What to do:
The answer must consist only of the lines in the records below from the line with "Renovation Romanshorn |" to the line with "A tiled hallway", both included, copied word for word with every picture left out.

Records contained in a dataset

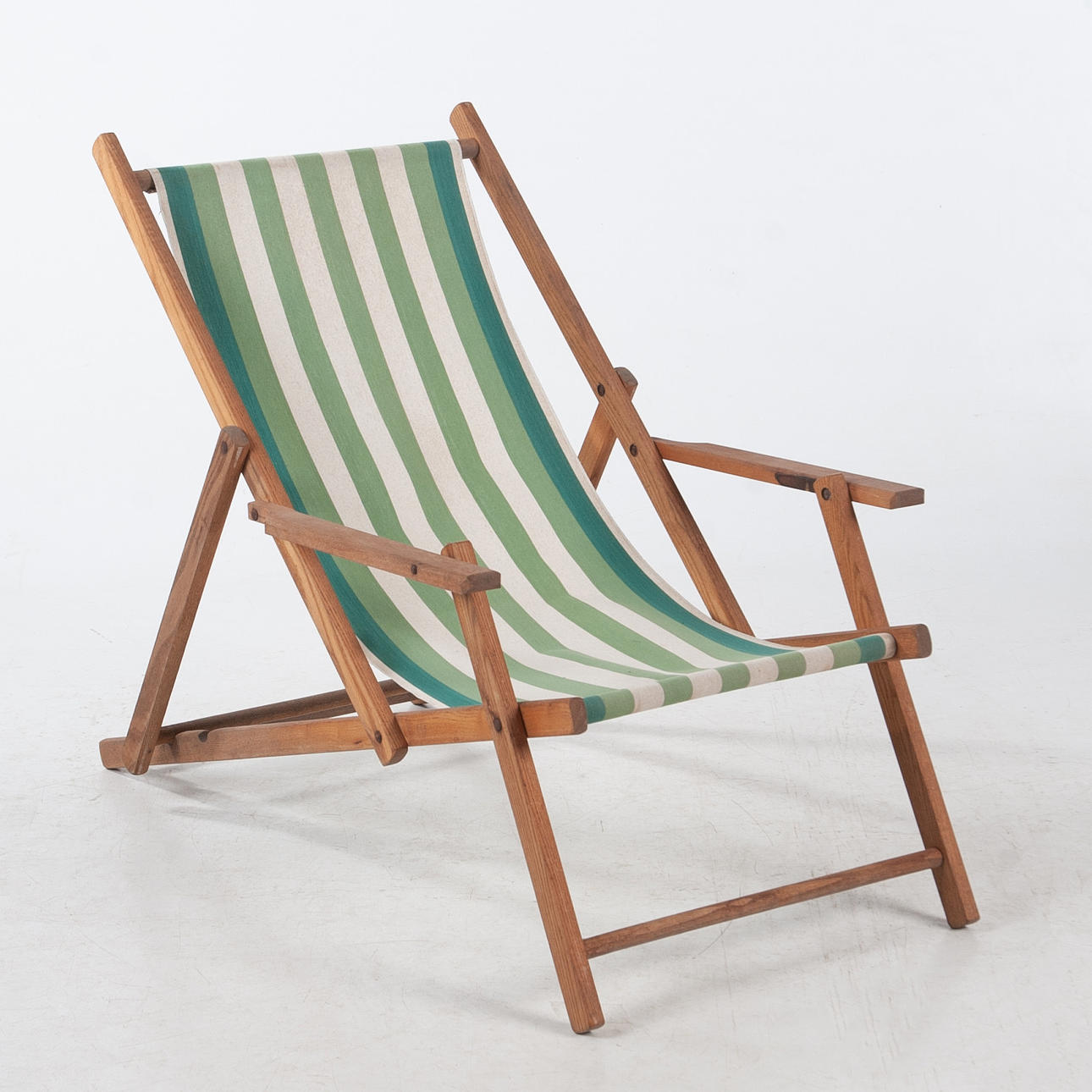 SOLSTOL I TRÄ MED RANDIGT TYG OCH ARMSTÖD.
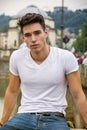 Handsome young man in white t-shirt outdoor in Royalty Free Stock Photo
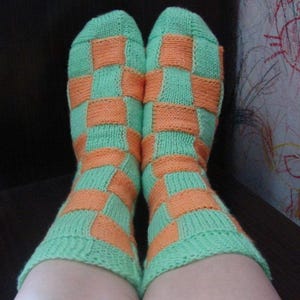 May include: A pair of green and orange checkered socks. The socks are knitted with a checkerboard pattern.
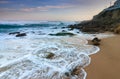 Amazing landscape on the Atlantic ocean at sunrise. View of foamed waves running ashore sandy beach. Concept of nature background Royalty Free Stock Photo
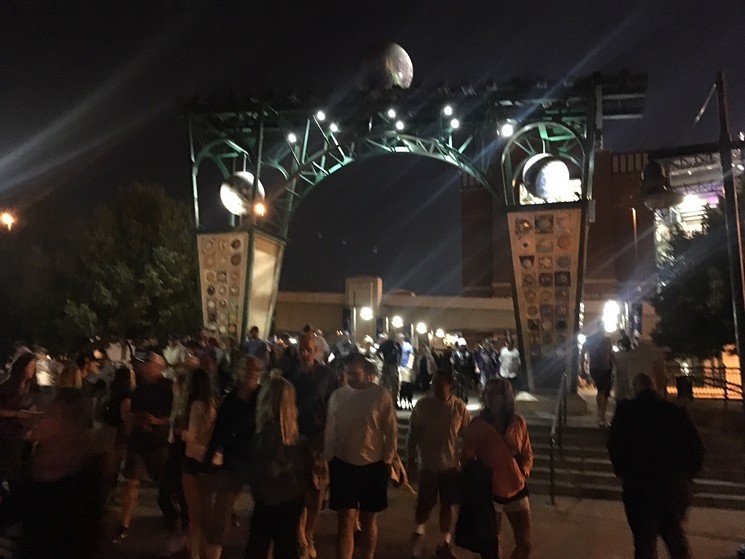 Fans pass by "The Evolution of the Ball" in July 2018. - WESTWORD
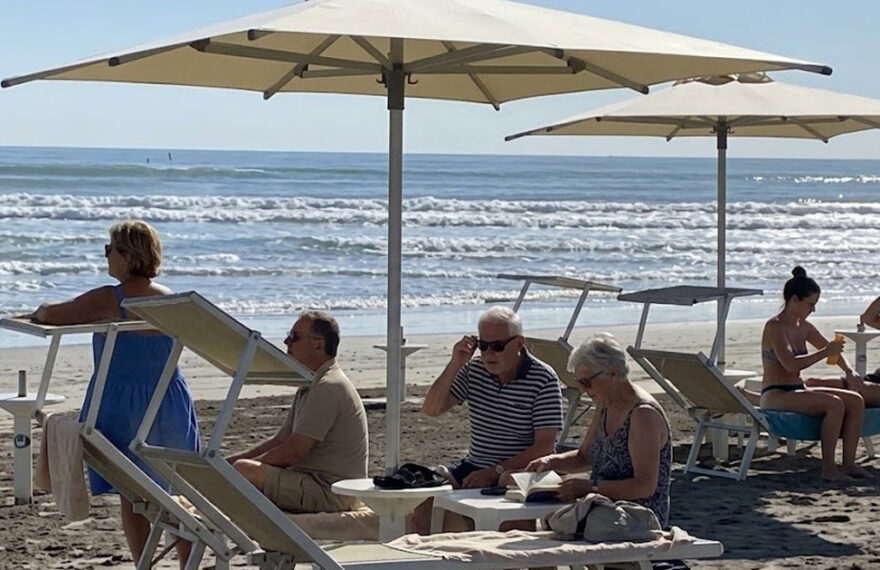 Turisti e bagnanti si rilassano sotto gli ombrelloni in uno stabilimento gestito dai balneari di Riccione.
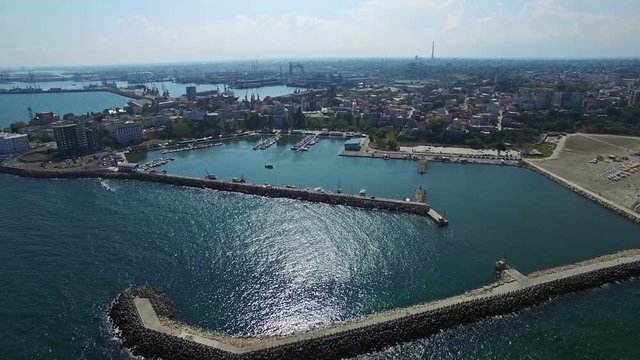 Flight over Constanta coastline to industrial harbour, Romania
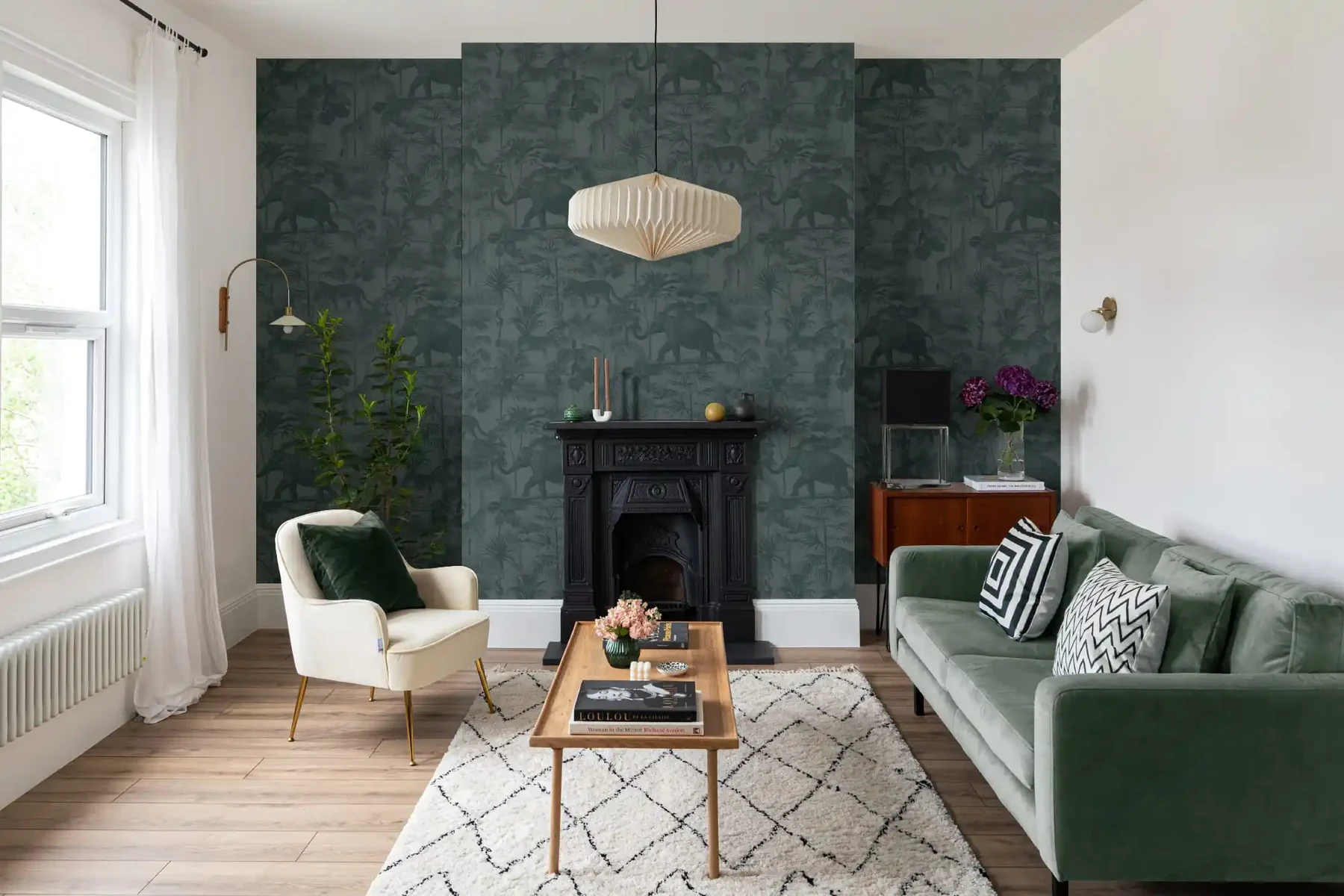 A deep green patterned wall behind a fireplace in a furnished living room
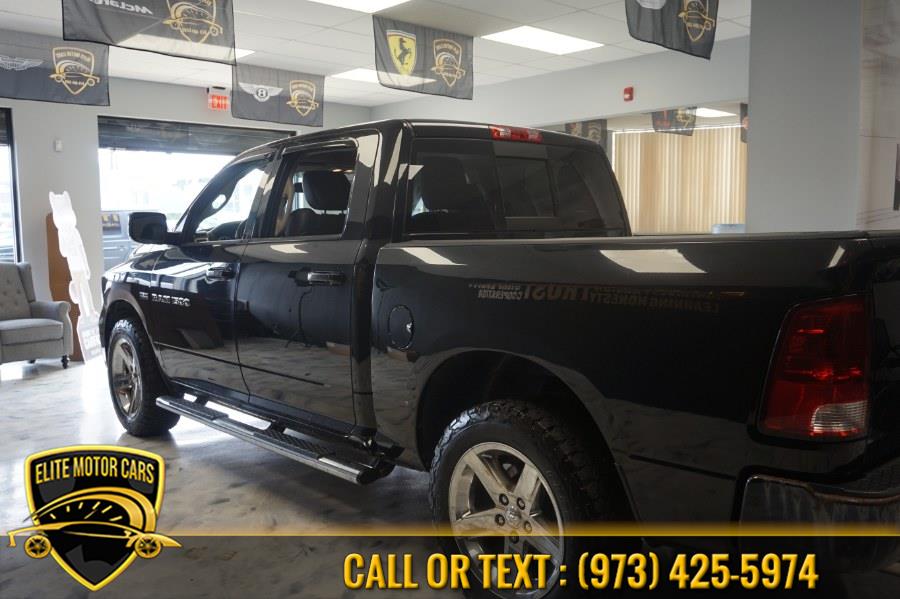 2012 Ram 1500 4WD Crew Cab 140.5" Sport, available for sale in Newark, New Jersey | Elite Motor Cars. Newark, New Jersey 2012 Ram 1500 4WD Crew Cab 140.5" Sport, available for sale in Newark, New Jersey | Elite Motor Cars. Newark, New Jersey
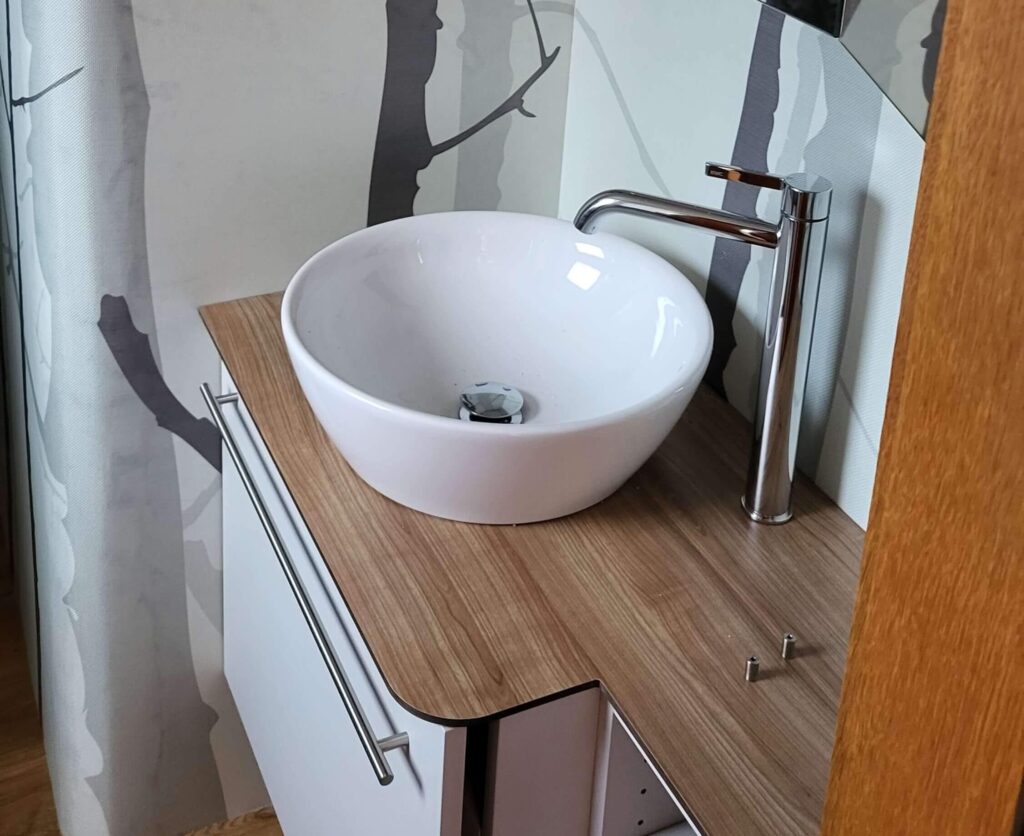 Renovation Romanshorn | Badmöbel aus Holz mit Wasserhahn und weissem Waschbecken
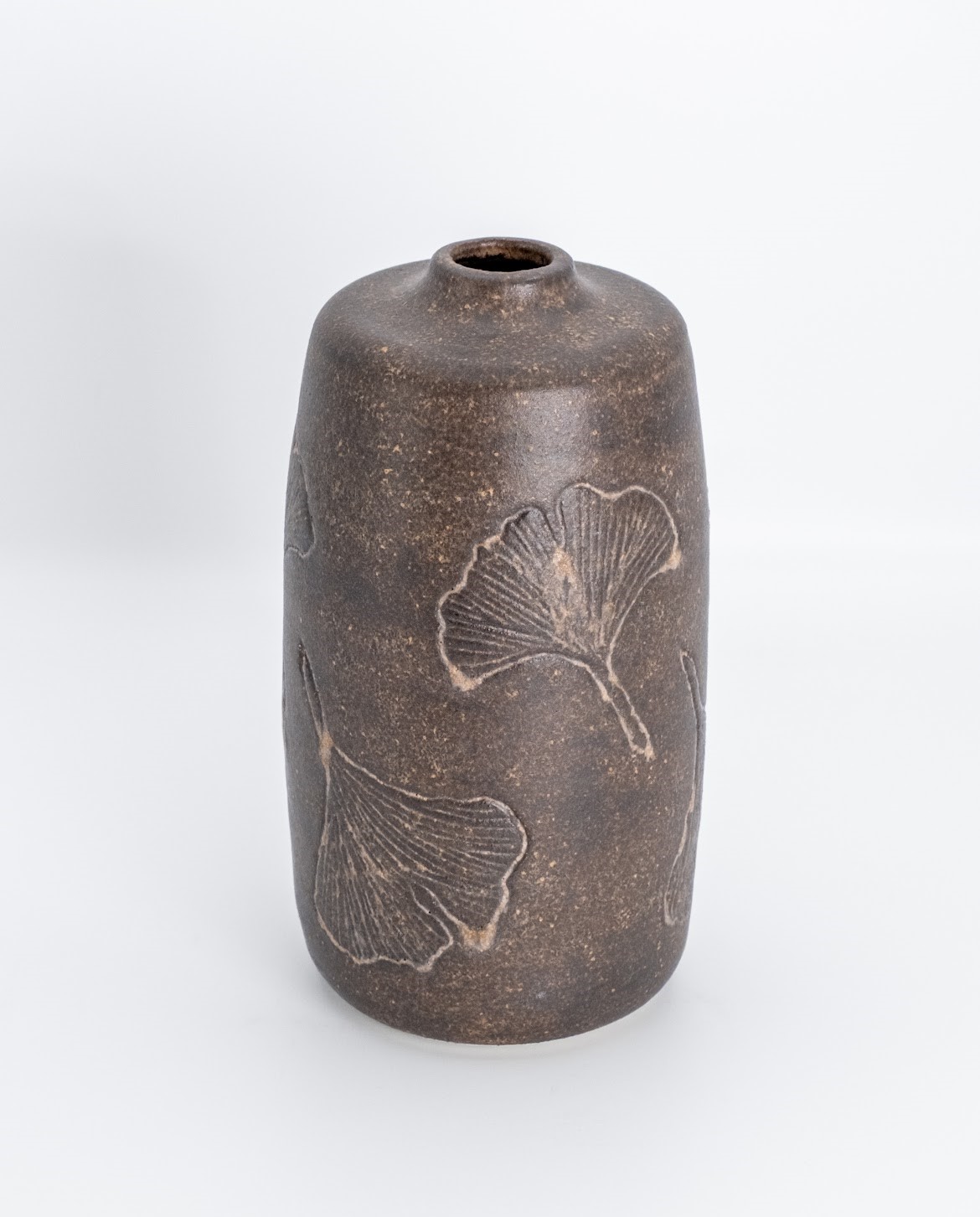 Carved stoneware vessel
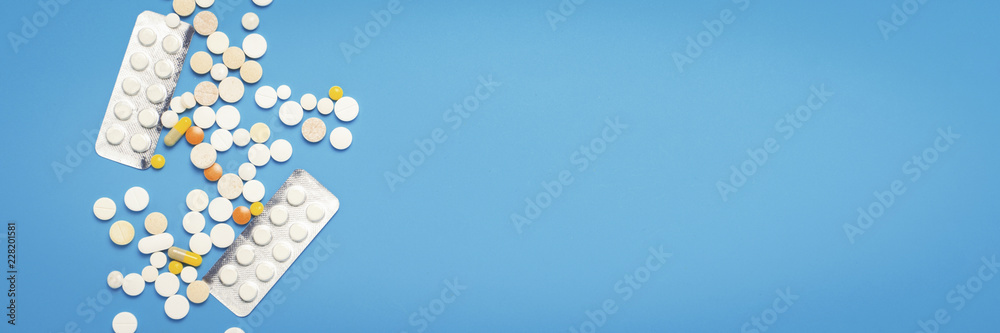 Pills of different colors on a blue background. Concept of the pharmaceutical industry, medicine, treatment and recovery after illness. Banner. Flat lay, top view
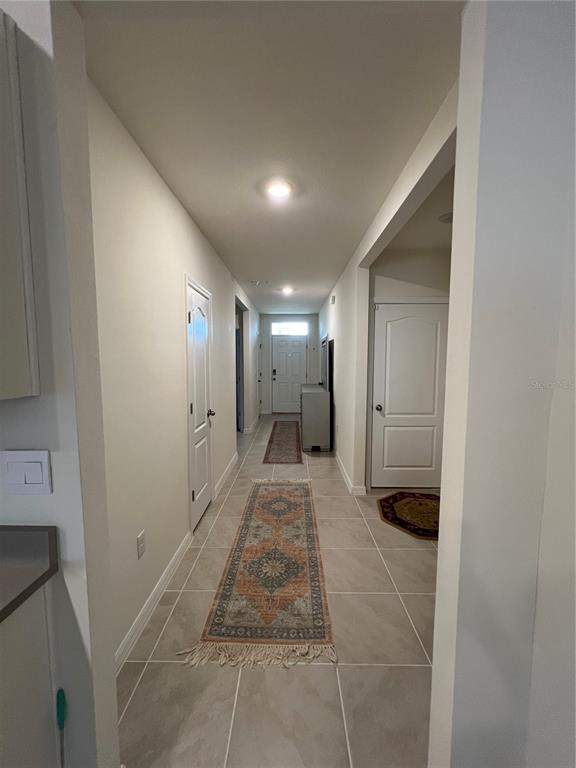 A tiled hallway leads to a front door, featuring two runner rugs and white doors — 4032 GREY HERON LOOP, BARTOW, FL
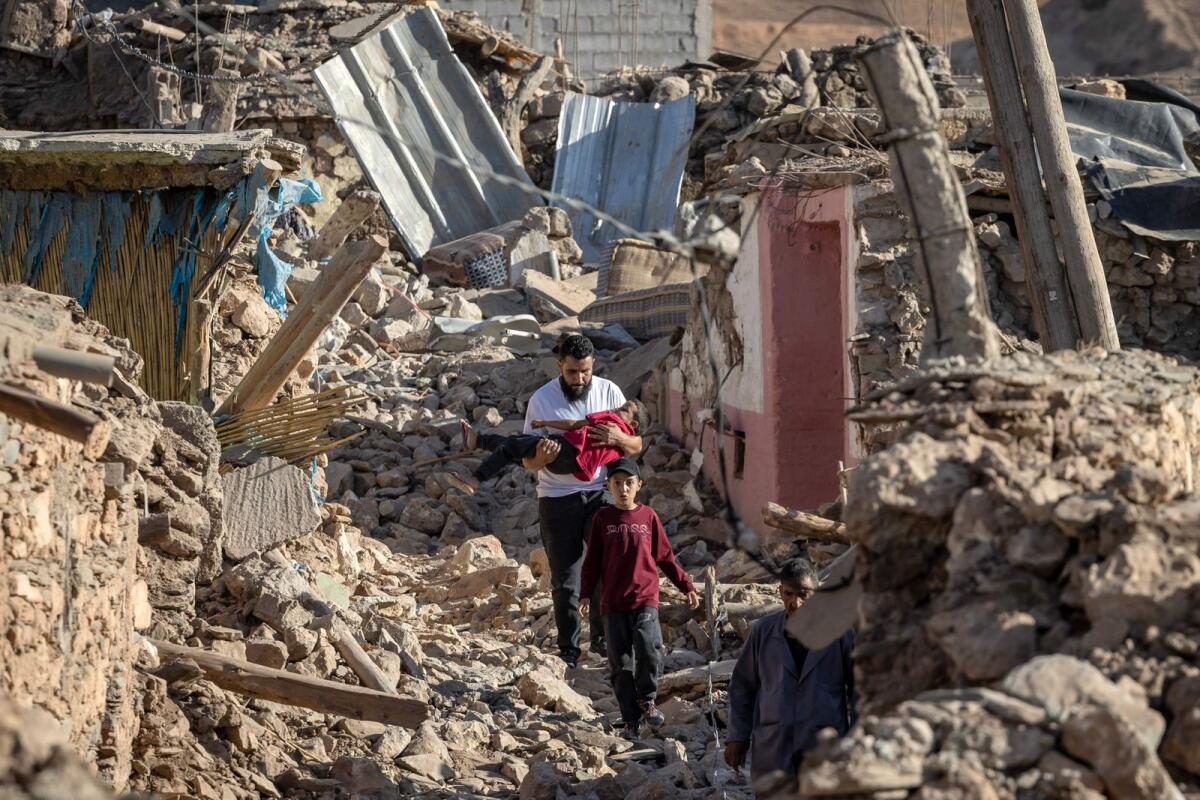 People walk past destroyed houses after an earthquake in the mountain village of Tafeghaghte, southwest of the city of Marrakesh, on September 9, 2023. — AFP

Final answer:
 Renovation Romanshorn | Badmöbel aus Holz mit Wasserhahn und weissem Waschbecken
 Carved stoneware vessel
 Pills of different colors on a blue background. Concept of the pharmaceutical industry, medicine, treatment and recovery after illness. Banner. Flat lay, top view
 A tiled hallway leads to a front door, featuring two runner rugs and white doors — 4032 GREY HERON LOOP, BARTOW, FL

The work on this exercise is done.